Directed by David Ayer
Starring Will Smith, Margot Robbie, Viola Davis, Jared Leto, Jai Courtney, Jay Hernandez, Cara Delevingne, Joel Kinnaman
Review by Jordan
“You know what they say about the crazy ones…”
Bulbous-headed mutated oddities created at the hands of centuries-old witches with no proper explanation being dispatched unceremoniously by a prominently joyless crew of DC antiheros and villains in the dark city landscape of an environment destroyed just enough to look war-torn but not so much that there are still designer shops left to cutely loot is not a highlight of a much-anticipated blockbuster with more lowlights than you can shake an incredibly durable baseball bat at.
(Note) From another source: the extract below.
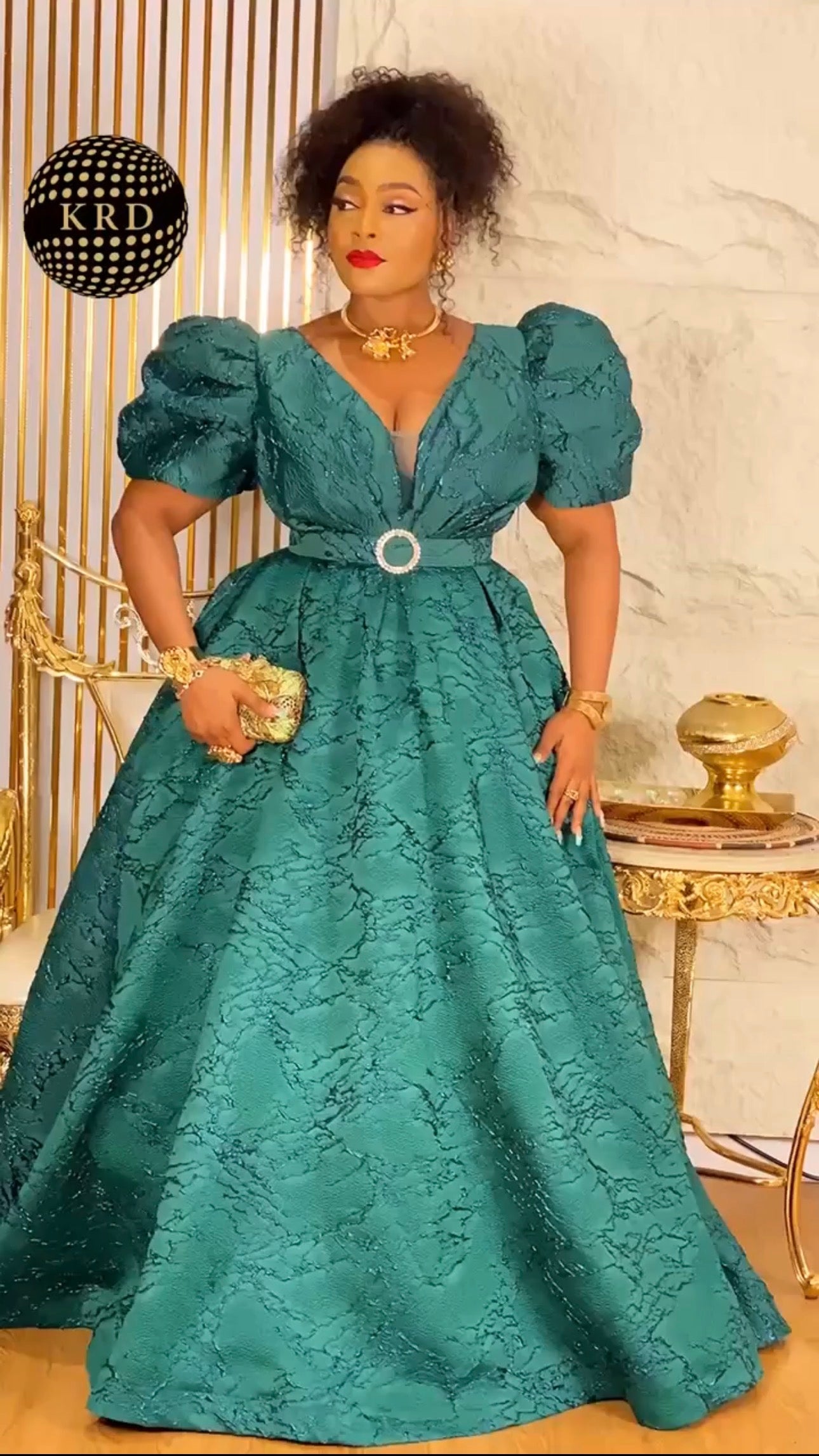 Luxury Emerald Green Ball Gown for Women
Flourishes of promise and verve are extinguished by uninspiring set design, a deflating, anti-climactic plot and heavy-handed post production that sees fit to negate any filmic qualities Suicide Squad might contain and instead transform it into a haphazardly stitched together collection of introductory scenes and flashbacks, bridged by zestless trudging through a DOA story and backed by an expensive soundtrack that successfully ruins the timing of intended lines of comic relief and does its best to distract a restless audience from the fact that there will in fact be very little excitement on this particular journey.
Ruthless US Intelligence Officer Amanda Waller (Davis) bribes her way into being allowed to assemble a ragtag squad of miscreants to defeat a top-secret superpower who appears invincible, but can probably be taken down on the fly anyway, with her lowlifes and ‘meta-humans’ also serving as insurance should Gotham or Metropolis’ finest ever realise that the people in these universes really aren’t worth constantly saving. Her team consists of hit man Deadshot (Smith), Joker’s girl Harley Quinn (Robbie), naturally intoxicated Australian bank robber Boomerang (Courtney), the powerful yet sombre Diablo (Hernandez), reclusive Killer Croc (Adewale Akinnuoye-Agbaje), the Enchantress (Delevingne) and the incredibly unlucky Slipknot (Adam Beach), with the unflappably serious Rick Flag (Kinnaman) leading them while the far more lethal Katana (Karen Fukuhara) watches his back. Seriously though, this doesn’t stop the great Rick Flag from being dragged off to his death on multiple occasions… luckily Deadshot is around to show him how shooting disorganised Lovecraftian creations who choose to run directly into the bullets really isn’t that difficult.
Also threatening proceedings is Jared Leto’s Joker, whose appearance and open-mouthed expressions hint at graphic novel influences that work a lot better as vivid images than a live-action recreation. He is menacing, but would’ve been far better served as the primary antagonist, as his ill-defined role in rescuing Quinn doesn’t at all impact the grander arc; more substance would’ve heightened the stakes and created proper character tension and a sense of danger.
The characters that do work well are Deadshot and Harley Quinn, with Will Smith and Margot Robbie actually nailing the overused combination of ruthless yet emotionally vulnerable and the two sharing a peculiar bond – almost as peculiar as that between a special forces operative and his possessed, scared-senseless girlfriend. Had the movie focussed more on their shared escapades and actually competing against interesting (or human) enemies it would’ve made a world of difference, but as it stands they simply can’t outshine all the gloom and joylessness of everyone else’s self-loathing and the realisation that sinks in at about the half-way mark that proceedings have veered remarkably off any interesting course.
Edited to within an inch of credibility, Suicide Squad might be the most obvious example yet of a film that hints at having a far better one lost within it, kicking against the overbearing marketing ploy to have it fit within and not jeopardise a profitable universe by being edgier than it’s intended contemporaries.